In altre parole, quello che poteva essere un escamotage plausibile per brevi periodi e su necessità contingenti, si sta rivelando un grave pericolo, a seguito dell’abuso di questa misura. È così accaduto che, nell’ultimo anno – a fronte della ripresa del prezzo latte alla stalla – la quotazione del prodotto in polvere sia diminuita di un terzo nel breve volgere di pochi mesi.
Cosa fare ora di tutto questo latte in polvere immagazzinato? La vendita di queste riserve riuscirà a coprire i costi dell’investimento? E se così non fosse, l’Ue adotterà misure compensative? A giudicare dalle ultime vendite all’asta, la Commissione Europea è evidentemente orientata alla massima cautela: le scorte vanno abbattute ma senza forzature, né di prezzi né di tempi. La parola d’ordine è per tutti una sola: prudenza. Ma il prodotto, che ha una shelf-life di 36 mesi, si deprezza con il passare del tempo.
Osservando in dettaglio gli ultimi tredici mesi, ad un 2017 in cui sono state vendute, mediante gara, appena 220 tonnellate di latte in polvere – per evitare di danneggiare il mercato – è seguita una importante accelerazione nel mese scorso, con 1.864 tonnellate aggiudicate all’asta, in un’operazione che però pare non sia riuscita a soddisfare nessuno degli operatori.
In queste ultime attività “la Commissione ha acquistato a prezzi compresi tra i 18 e i 20 centesimi al chilo, per poi vendere in perdita, tra gli 11 e i 12 centesimi”, spiegano i responsabili dell’Emb (European Milk Board) di Bruxelles, che raggruppa oltre 100mila allevatori di quindici nazioni europee. “Una situazione che non può durare oltre”, insistono i vertici dell’Emb, “anche perché i costi di immagazzinamento, pari a 10 milioni di euro per il solo 2017, pesano sulle tasche di tutti i contribuenti”.
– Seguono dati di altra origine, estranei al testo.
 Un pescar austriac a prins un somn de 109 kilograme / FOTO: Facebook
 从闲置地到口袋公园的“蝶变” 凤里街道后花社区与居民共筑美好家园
In questo intrigatissimo scenario sono proprio i vertici dell’Emb ad avanzare la richiesta di definire un massimale per la produzione di latte e un prezzo di 30 centesimi al chilo per il prodotto in polvere. “Gli allevatori”, spiegano allo European Milk Board, “devono unirsi per difendere un prezzo del latte in grado di coprire i costi di produzione: un prezzo di 45 centesimi al litro, che finalmente includa anche il salario”.